The conflict was also marked by indiscriminate ballistic-missile attacks, extensive use of chemical weapons and attacks on third-country oil tankers in the strategic Persian Gulf from which an estimated 70% of the world’s oil passed at the time.
The collection ‘War Victims’ shows landmine victims, civilians in urban areas caught in aerial bombardments, and those gassed by chemical weapons deployed by Saddam. Many women and children died in the chemical attacks. The protracted war resulted in at least a million casualties on both sides, left half a million with permanent disabilities and several billion dollars’ worth of damages to oil facilities and city infrastructure.
The bilingual book includes 137 photos in 144 pages and is set to be unveiled at an upcoming art event ‘Ten Days with Iranian Photographers’ on January 5-15, 2016, Honaronline reports.
“I am a photographer who started work from the battlefronts. I have some breathtaking memories from the war. After the war, I came across some terrible scenes, which I recorded with my camera.
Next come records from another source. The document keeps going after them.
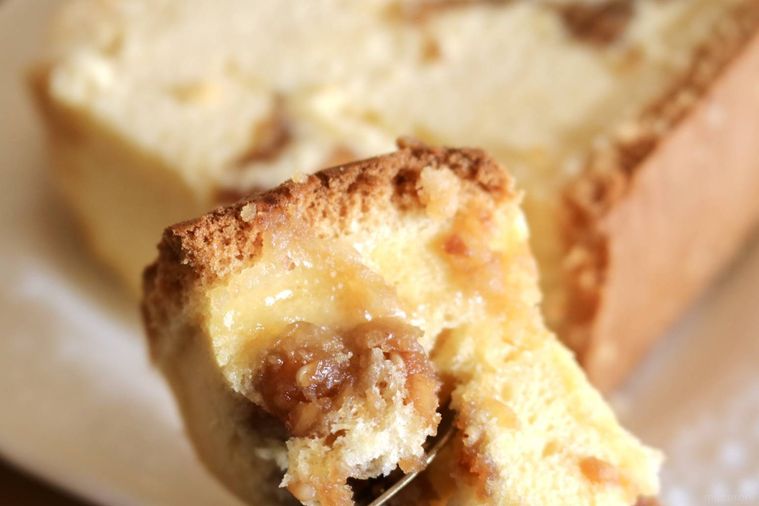 ピーナッツと餅の部分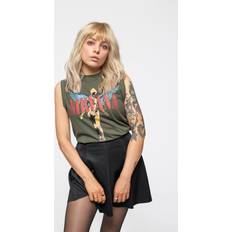 Bomuld - Unisex Toppe Nirvana Angelic Muscle Tank - Green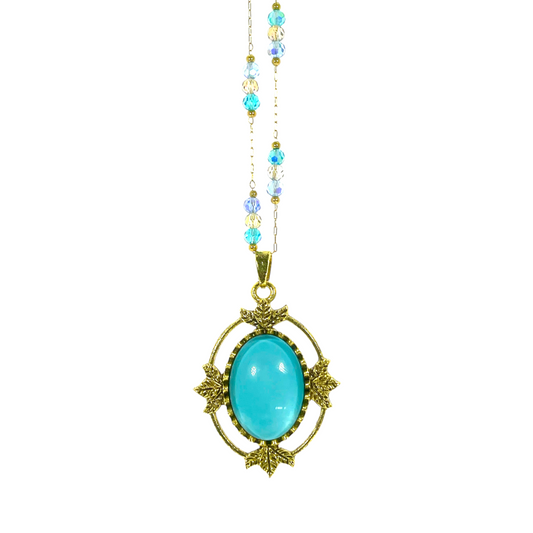 Mermaid Moon Amulet Necklace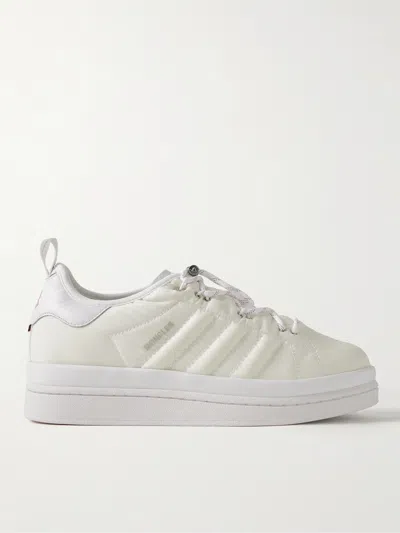 Moncler Genius Adidas Originals Campus Leather-trimmed Quilted Gore-tex Sneakers In White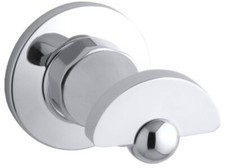 New KOHLER Polished Chrome ANTIQUE ROBE HOOK 214-CP factory sealed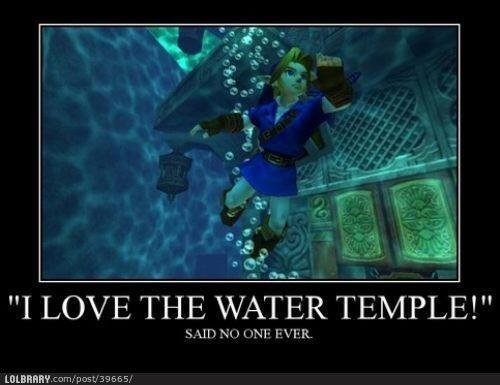 I love the water temple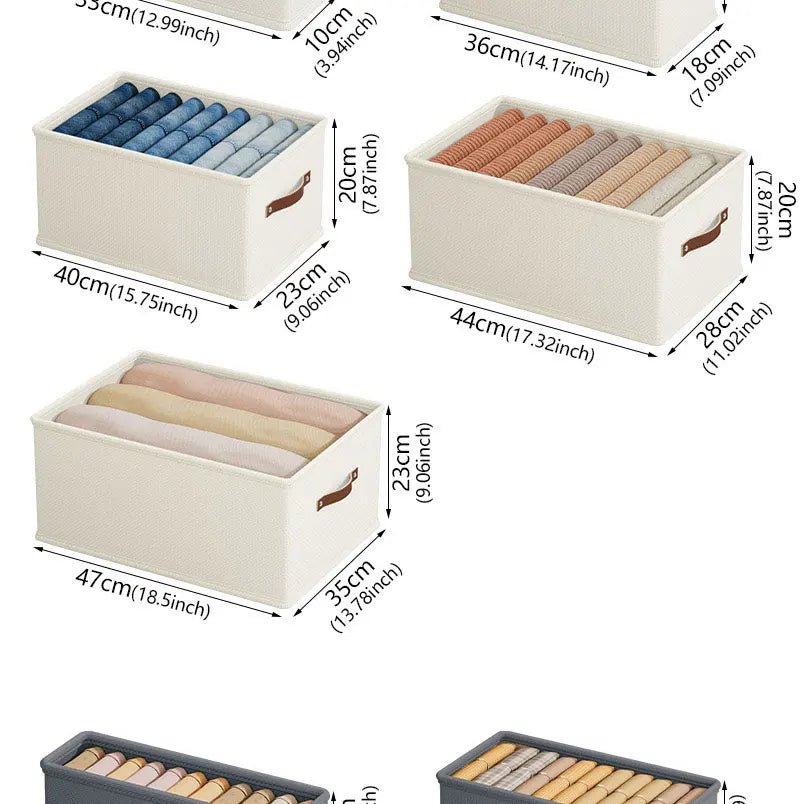 Oxford Fabric Storage Basket – Uncovered Clothing & Toy Organizer Box for Bedroom & Cabinet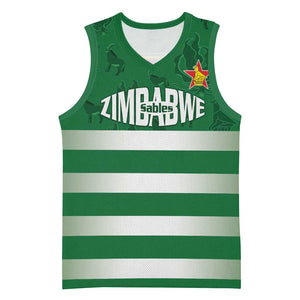 Rugby Zimbabwe Custom Basketball Jersey Go Champions Sables LT15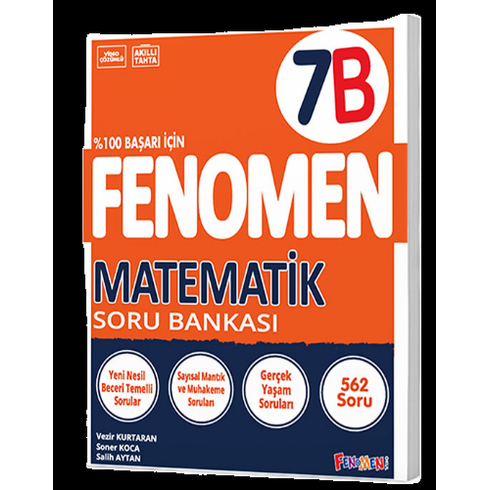 Gama Okul Yayınları Fenomen 7. Sınıf Matematik Soru Bankası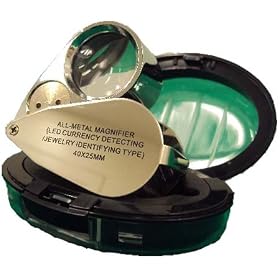 ALL METAL MAGNIFIER LOUPE WITH LED LIGHT:TJ-72120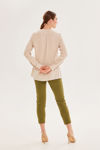 Picture of Long blouse with V-neck and cuffed sleeves VANILIA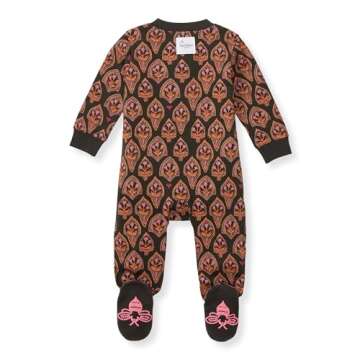 Burt's Bees Baby Baby Girls' Pajamas, Sleep and Play Loose Fit, 100% Organic Cotton Soft One-Piece P...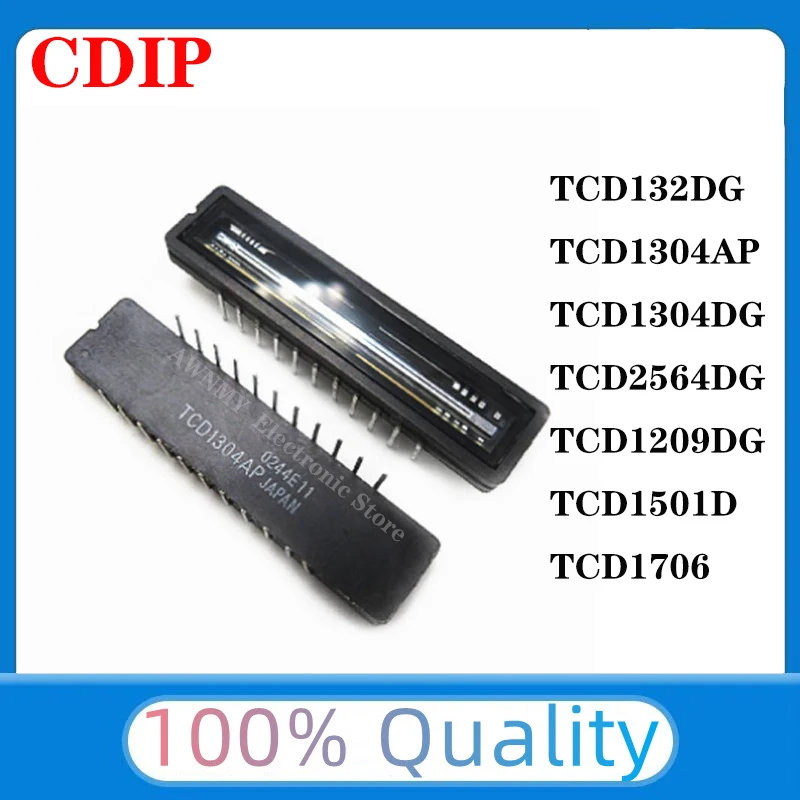 1PCS TCD2564DG TCD2564 TCD132DG TCD132 TCD1304DG TCD1304 TCD1304AP TCD1209DG TCD1209D TCD1501D TCD1706 CDIP CCD IMAGE SENSOR New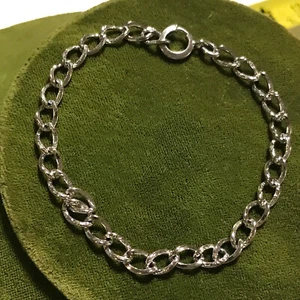 Pulsera LeStage Vintage 7.5" Plata de Ley 6.2g ¡Nuevo Stock Antiguo! NOI con caja original - Imagen 1 de 10
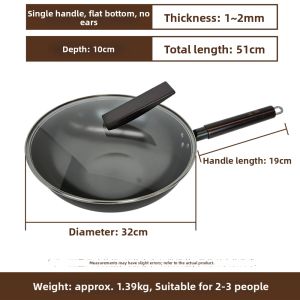 Non-Stick Stainless Steel Wok For Gas and Electric Stoves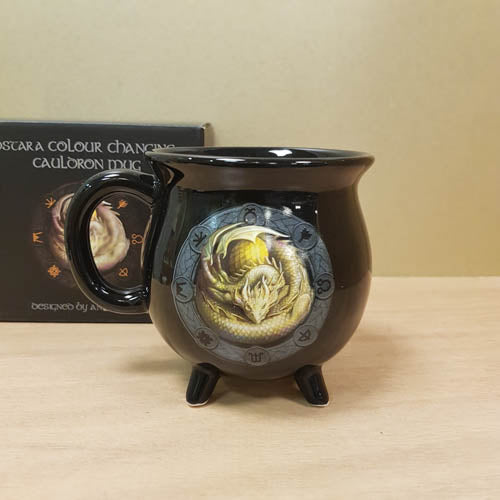 Ostara Colour Changing Cauldron Mug (Anne Stokes Collection)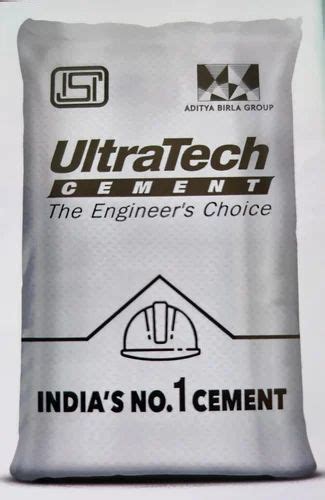 50 Kg Ultratech 53 Grade Opc Cement At Rs 380bag In Bhuj Id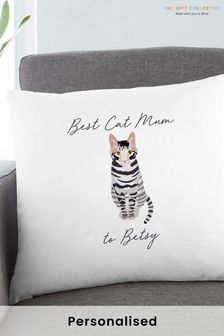 Personalised Best Cat Mum Cushion by The Gift Collective (P85482) | £22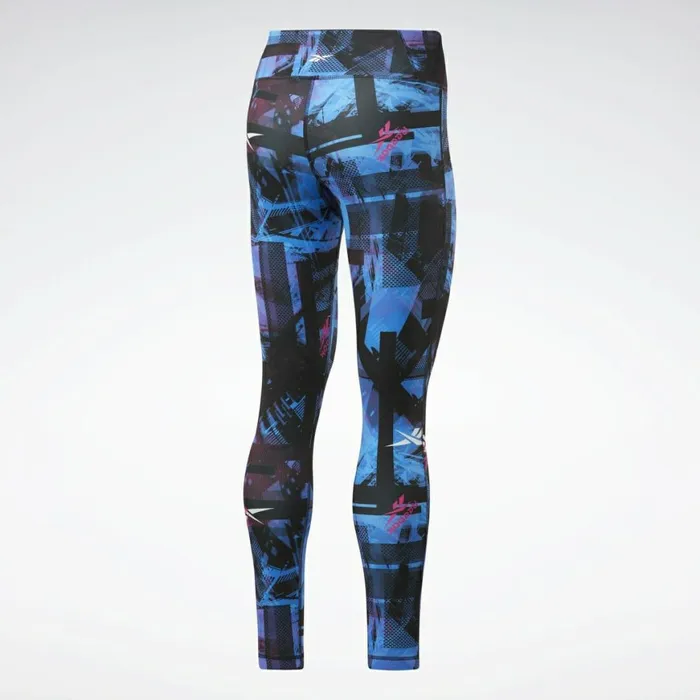Plus Size 1X4X Womens Reebok Meet You There Printed Leggings Black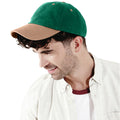 French Navy - Front - Beechfield Unisex Low Profile Heavy Brushed Cotton Baseball Cap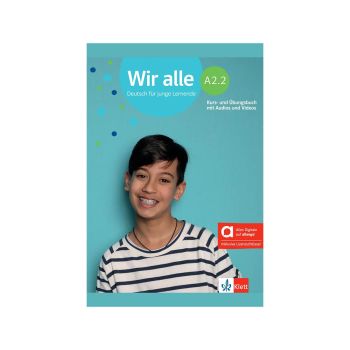 Wir alle A2.2 hibridna izdaja, učbenik + delovni zvezek + allango dostop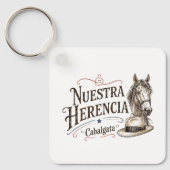 プエルトリコのカバalgata(騎馬行列)「我らの遺産(Nuestra Herencia)」 キーホルダー (正面)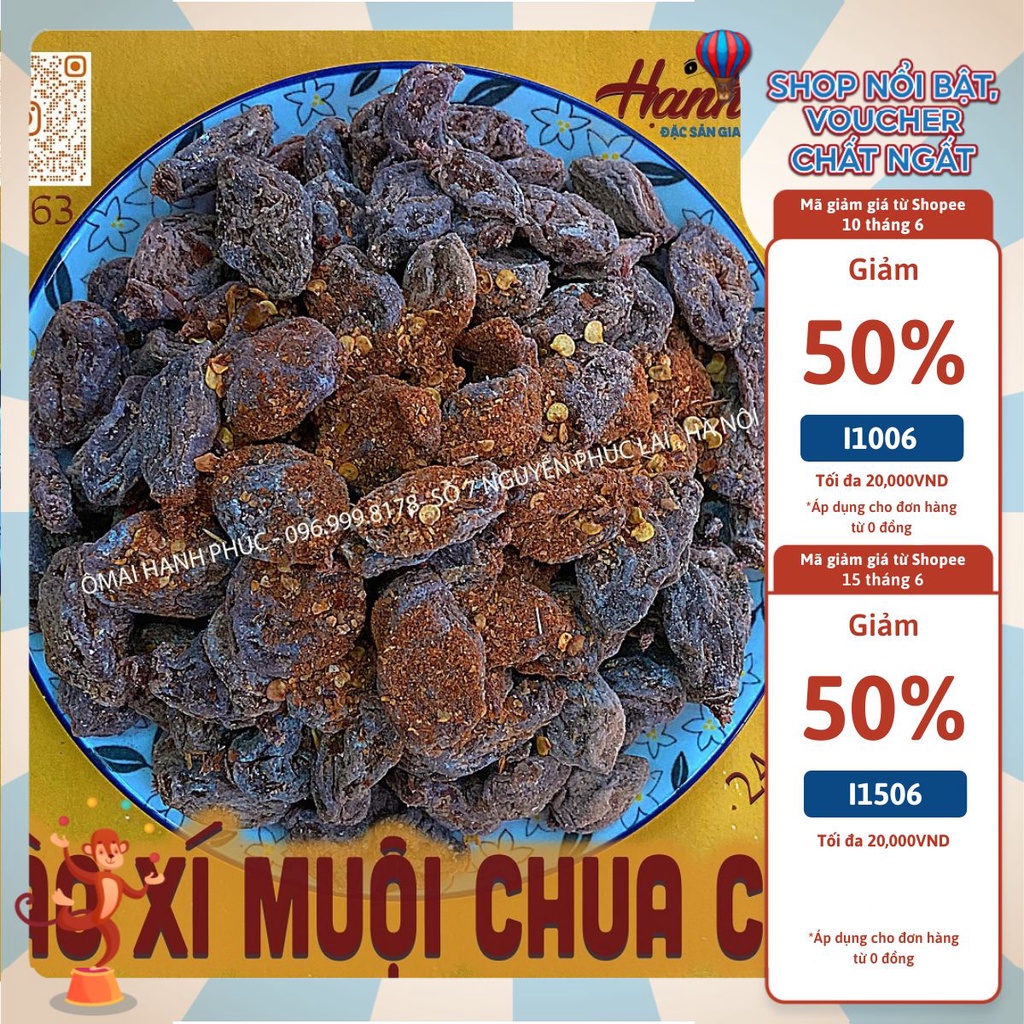 Đào xí muội chua cay 100gr / 300gr / 500gr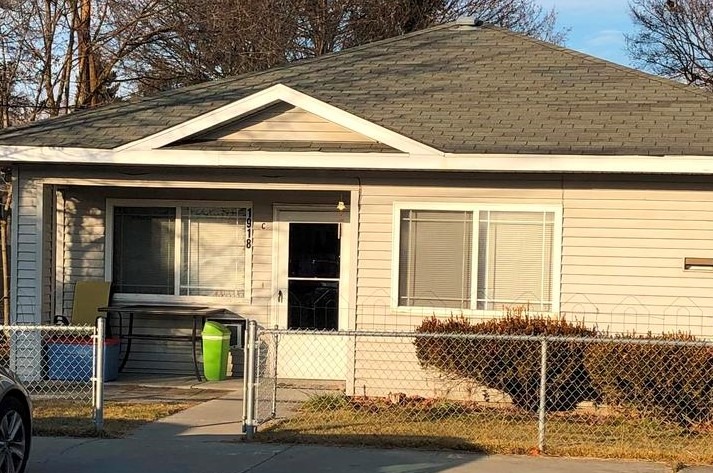 This Spokane home is where a caregiver allegedly gave Marion Wilson, a 64-year-old developmentally disabled woman, a fatal dose of cleaning vinegar instead of colonosocopy prep solution. A state criminal investigation into the death is now underway. CREDIT: Doug Nadvornick/Spokane Public Radio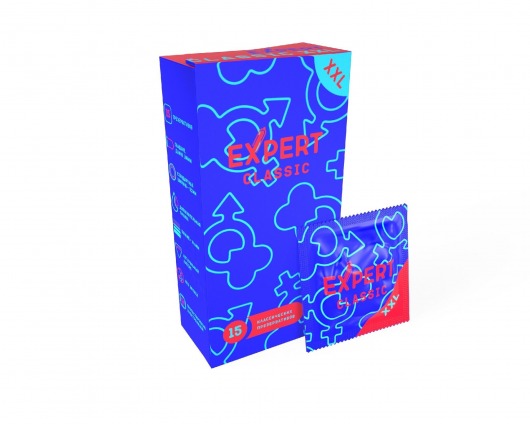 Презервативы увеличенного размера Expert Classic XXL - 15 шт. - Expert - купить с доставкой в Нижнем Тагиле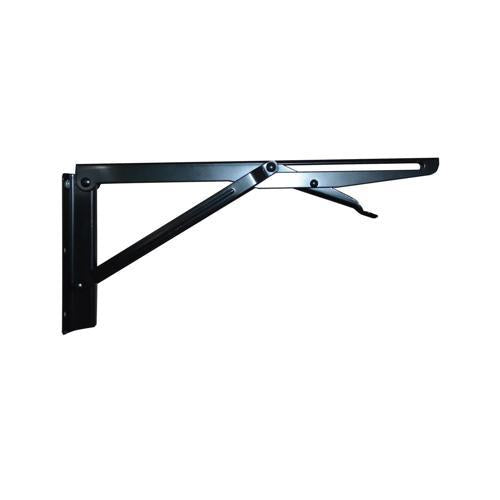 Carinya Spring Loaded Folding Bracket 300x145mm Black
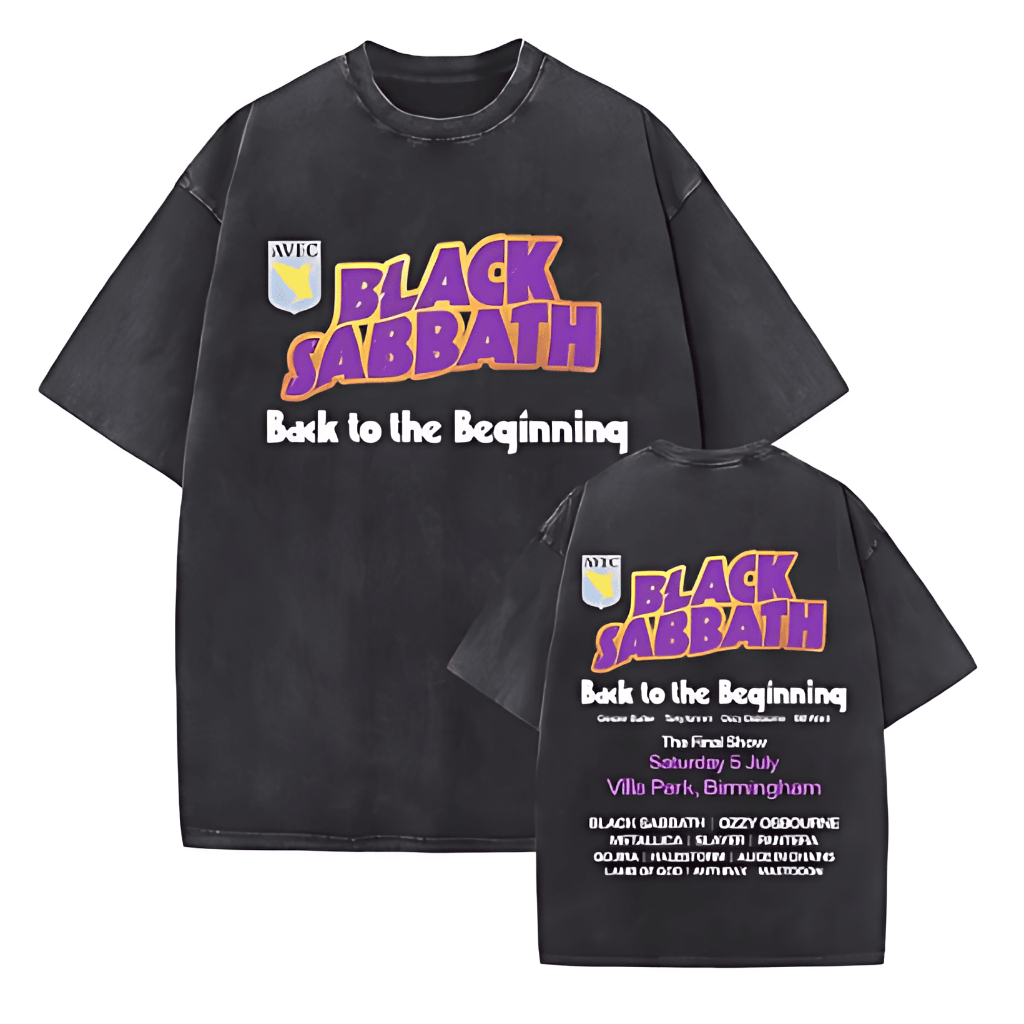 Camiseta Black Sabbath Unisex Camisa Banda Rock Blusa Estampada Paranoid Vintage Estilo Streetwear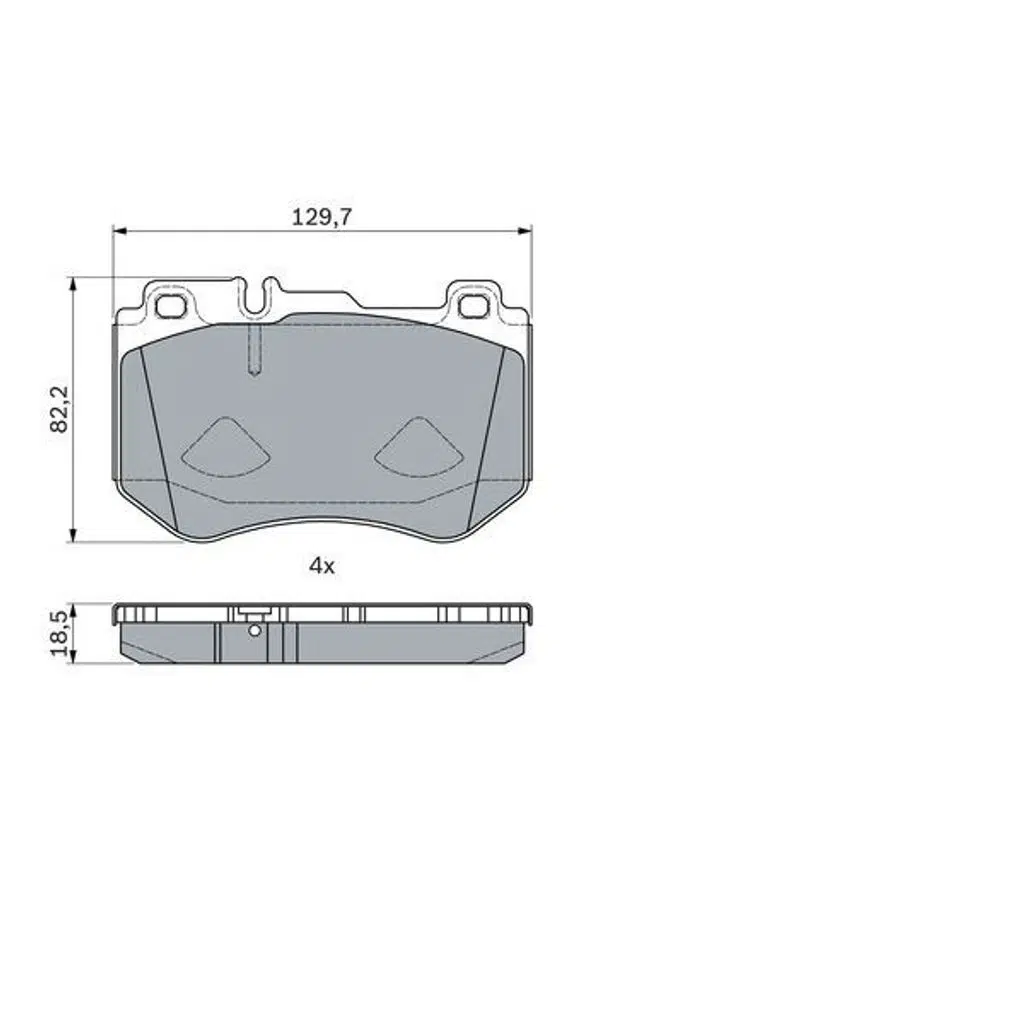 FREN BALATASI MERCEDES C-SERİES W205 14-- S205 14-- C205 15-- A205 16-- (1 TK )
It is 27 years since the ceasefire and soldiers have returned to their homes and are moving on with their lives. However, many people have not forgotten the war and the scars still remain,” said Monem in an earlier interview with the online Private Magazine. The two neighbors now have cordial relation but still have to sign a peace treaty.
Averse to War
In the second volume, Monem decided to focus on the Iraqi people who were injured and maimed in the bloody war. “I visited several families and have taken some photos, although my work was impeded due to the presence of the ISIS militant group” in parts of the neighboring Arab country.
At first I thought I might not have the same feelings towards the Iraqis as I have for my own people.” But when he met the victims of the war on the other side of the border his stance changed, giving way to sympathy, he said.
The photos are the result of his feelings of aversion to war. “I have tried my best to convey this feeling to people all over the world. The mission of ‘War Victims’ photos is an effort to help create a peaceful world, since there is no winner in a war.”
Monem said to him photography “is a kind of pictorial conversation which links me to my subjects through photographs and my lens. My camera allows me to show the people’s happiness, pain and suffering to the world. In this way, I convey an important message against war and violence.”
The earlier volume of the photo book included pictures from areas along Iran’s western border - the provinces of Kurdistan, Khuzestan, Ilam, West Azarbaijan and Kermanshah. They include images from Sardasht, in West Azarbaijan province, which on June 28, 1987 became the first Iranian town hit by a chemical gas attack, and one of the worst affected, so much so that it become known as Iran’s Hiroshima.
Born in 1961 in Rasht (northern Iran), Monem is a self-educated photographer. Since the aftermath of the war, he has been working on the human suffering of war victims.
He has published another collection earlier, portraying the present-day lives of war veterans injured in the conflict, titled ‘The Miracle of Hope’.